In an interview for Al Jazeera television in 2008, he refused to say an unkind word about Mustafa Kemal Ataturk, who led the revolution that deposed his family.

Ali Tayar, an architect from Istanbul and a friend, said in 2006 that Mr. Osman had “no ambitions to return, and he doesn’t want anyone to think he does.”

“But he’s an incredibly important link to Turkey’s past,” Mr. Tayar added.

Born in 1912, Mr. Osman was the last surviving grandson of an Ottoman emperor; his grandfather, Abdul Hamid II, ruled from 1876 to 1909. In 1924, the royal family was expelled by Ataturk, the founder of the Turkish Republic. “The men had one day to leave,” Mr. Osman said. “The women were given a week.”

Mr. Osman attended school in Vienna and moved to New York in 1939. He returned to Turkey for the first time 53 years later, in August 1992, at the invitation of the prime minister. On that trip, he went to see the 285-room Dolmabahce Palace, which had been his grandfather’s home (and where he had played as a child). He insisted on joining a tour group, despite the summer heat. “I didn’t want a fuss,” he said. “I’m not that kind of person.”

As a young man, Mr. Osman ran a mining company, Wells Overseas, which required him to travel frequently to South America. Because he considered himself a citizen of the Ottoman Empire, he refused to carry the passport of any country. Instead, he traveled with a certificate devised by his lawyer. That might have continued to work had security measures not been tightened after the attacks of Sept. 11, 2001. In 2004, he received a Turkish passport for the first time.

Mr. Osman married Gulda Twerskoy in 1947. She died in 1985. At a party in 1987, he met Zeynep Tarzi Hanim, an Afghan princess. Nearly 30 years his junior, she had been raised in Istanbul and was living in New York. They married in 1991. He has no other survivors.

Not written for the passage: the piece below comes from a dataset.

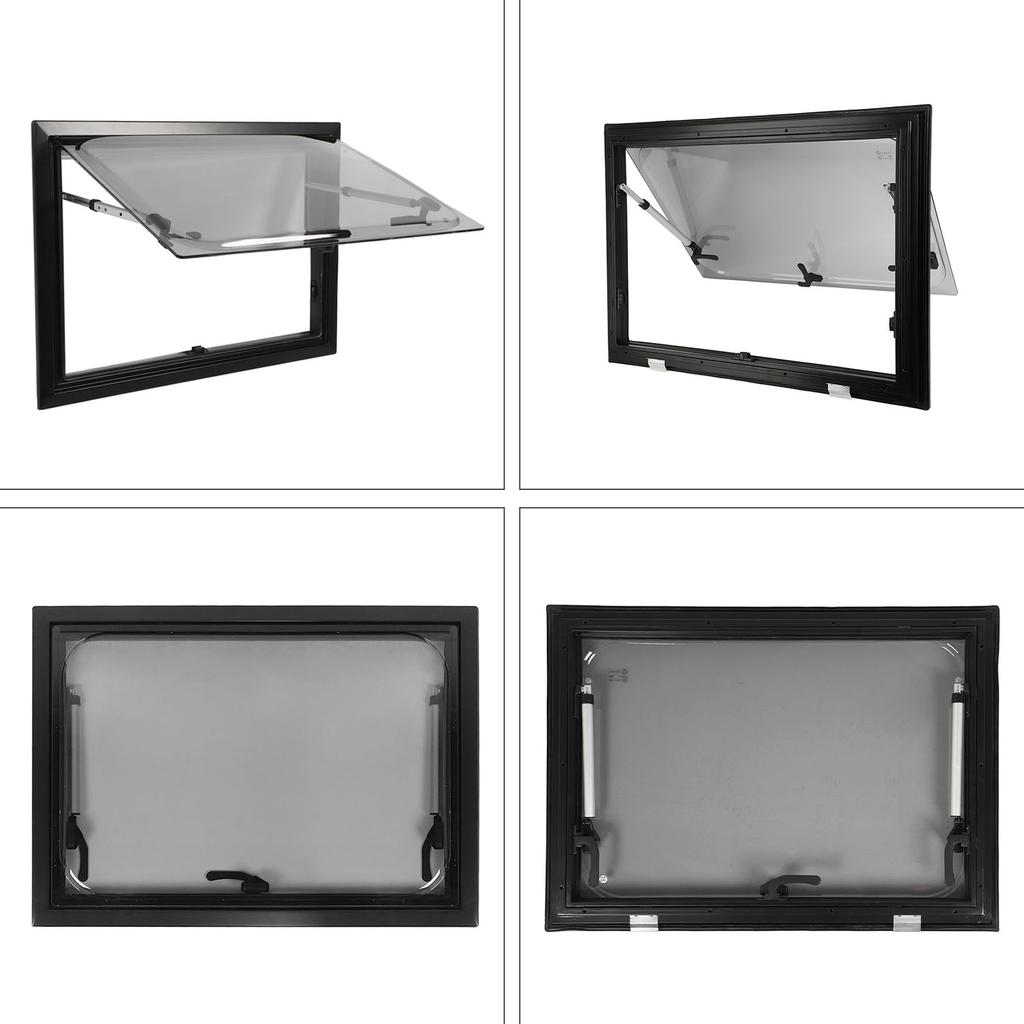 Окно для автодома 32x20 дюймов с экраном, солнцезащитным козырьком, УФ-защитным акриловым стеклом, откидное наружное аварийное окно для караванов, кемперов, прицепов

Mr. Osman often impressed interviewers with his dry wit and knowledge of trends in politics, architecture and pop culture. When Didem Yilmaz, a filmmaker, interviewed Mr. Osman for “Seeking the Sultan,” a short documentary film about him, she expected to find him bitter about his life’s trajectory. Instead, she said, she found him to be “kind, understanding and contemplative.”

At one point, she added, he said to her knowingly, “If I had a bad life, it would be better for your film.”

This article has been revised to reflect the following correction:

Correction: October 5, 2009
Because of an editing error, an obituary on Sept. 24 about Ertugrul Osman, a descendant of Turkish royalty, misstated the length of time his second wife, Zeynep, lived with him in a Manhattan apartment and misstated the ownership of 12 dogs that lived there at one time. Ms. Osman has lived there since the couple married in 1991, not “for the last 64 years.” (Mr. Osman had lived in the apartment for that length of time.) And the dogs were owned by Mr. Osman, not by the two of them.